Discussion: methodological limitations

All tasks and procedures have provided valuable data to broaden our understanding of early conceptual development. However, there are methodological limitations that are worth briefly describing, both to consider the consequences of study conclusions with some caution and to suggest possible future avenues of research in the area.

It is striking that almost all studies on conceptual development are cross-sectional or cross-sequential (96.8%), with few studies being longitudinal (3.2%) (see Fig. 3). It is not that these studies are not useful. However, there are aspects of cognitive development that can only be understood through longitudinal designs (Hoppe-Graff, 1989; Müller & Giesbrecht, 2008), such as the characteristics of intra-individual change and its causes, or the patterns of development associated with individual differences (Nesselroade & Baltes, 1979). While it is true that “effective longitudinal research on individual development must deal with substantive, far-reaching methodological and research strategy problems” and that “few areas of research are so full of traps as development research” (Magnusson, 1989, p. vii), it is also true that obtaining repeated intra-individual measures brings unparalleled security to cognitive development research (Grimm et al., 2017).

Fig. 3
figure 3

Subjects’ age range for each study

Similarly, most of the studies involve experiments (97.1%) and adopt a quantitative approach to data analysis (98.6%). Relegating qualitative information to the background is more than a research strategy: in the epistemological level, it assumes that phenomena can be explained by translating them into the language of numbers and applying to them a statistical treatment (Tuli, 2011). Also, the fact that most studies have been conducted in laboratory settings has some unintended consequences for research (Lécuyer & Rovira, 1999). One of them is that experimental control significantly reduces the degree of external validity of the designs.
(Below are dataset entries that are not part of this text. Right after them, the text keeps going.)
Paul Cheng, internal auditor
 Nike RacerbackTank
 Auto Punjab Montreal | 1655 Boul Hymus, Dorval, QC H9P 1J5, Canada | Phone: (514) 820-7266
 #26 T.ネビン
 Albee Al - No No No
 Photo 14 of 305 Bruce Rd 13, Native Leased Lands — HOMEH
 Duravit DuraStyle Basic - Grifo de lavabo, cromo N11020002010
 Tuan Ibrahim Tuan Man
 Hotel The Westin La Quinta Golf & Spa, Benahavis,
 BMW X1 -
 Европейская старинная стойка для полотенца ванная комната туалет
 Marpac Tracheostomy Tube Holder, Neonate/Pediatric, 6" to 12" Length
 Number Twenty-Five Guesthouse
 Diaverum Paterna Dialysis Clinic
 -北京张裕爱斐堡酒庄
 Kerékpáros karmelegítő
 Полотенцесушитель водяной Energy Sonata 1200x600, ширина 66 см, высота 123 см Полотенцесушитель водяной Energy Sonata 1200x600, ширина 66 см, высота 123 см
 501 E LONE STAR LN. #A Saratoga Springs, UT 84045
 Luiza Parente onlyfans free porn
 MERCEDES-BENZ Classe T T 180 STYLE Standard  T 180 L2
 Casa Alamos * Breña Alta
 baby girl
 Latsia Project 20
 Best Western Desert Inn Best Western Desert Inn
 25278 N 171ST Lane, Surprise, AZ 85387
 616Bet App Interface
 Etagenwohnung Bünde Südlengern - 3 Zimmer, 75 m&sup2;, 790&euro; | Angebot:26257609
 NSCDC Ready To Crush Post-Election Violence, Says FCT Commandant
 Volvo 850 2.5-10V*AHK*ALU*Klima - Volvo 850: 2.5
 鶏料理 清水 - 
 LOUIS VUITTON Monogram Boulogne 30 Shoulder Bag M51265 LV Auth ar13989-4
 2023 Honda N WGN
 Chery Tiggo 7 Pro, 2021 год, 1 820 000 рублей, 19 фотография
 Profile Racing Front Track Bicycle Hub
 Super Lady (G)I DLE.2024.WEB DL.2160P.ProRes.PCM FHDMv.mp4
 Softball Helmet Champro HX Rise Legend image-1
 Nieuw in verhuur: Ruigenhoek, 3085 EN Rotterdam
The critical point is that researchers can provide very accurate information about what happened in the laboratory after the manipulation of each independent variable, but they cannot guarantee that what they say applies to the real world (which is supposed to be the explanandum that makes research reasonable).

There are several examples of asymmetries between what happens in the laboratory and what happens in the everyday world. The first of them relates to the referents of children's categorical representations: what do children categorise in everyday life? Studies have used a variety of stimuli, ranging from abstract patterns of movement or images to replicas and non-objects specially constructed for experiments. These are mostly abstract and artificial stimuli (Sakharov, 1990) whose structure is not analogous to real-world stimuli (Anderson & Prawat, 1983). Rakison and Butterworth (1998b), for instance, recognise (though do not share) that it is possible to think that “a ‘cow with wheels’ is simply no longer a cow” (p. 58). This dissociation between the laboratory and the real world is often a deliberate investigative strategy to achieve greater control of variables or to isolate the effect of a particular variable (e.g., the influence of form vs. function of objects on categorisation, or differences in categorisation of objects with more or less obvious perceptual properties; Corrigan & Schommer, 1984; Perone & Oakes, 2006; Strauss, 1979; Welder & Graham, 2006). However, the cost of achieving a higher degree of internal validity is, in this case, to bypass the objects to which children have access in everyday life (e.g., instruments and artefacts used during mealtime). This, in turn, reduces the degree of external validity of the designs and entails a first degree of denaturalisation of the object of study.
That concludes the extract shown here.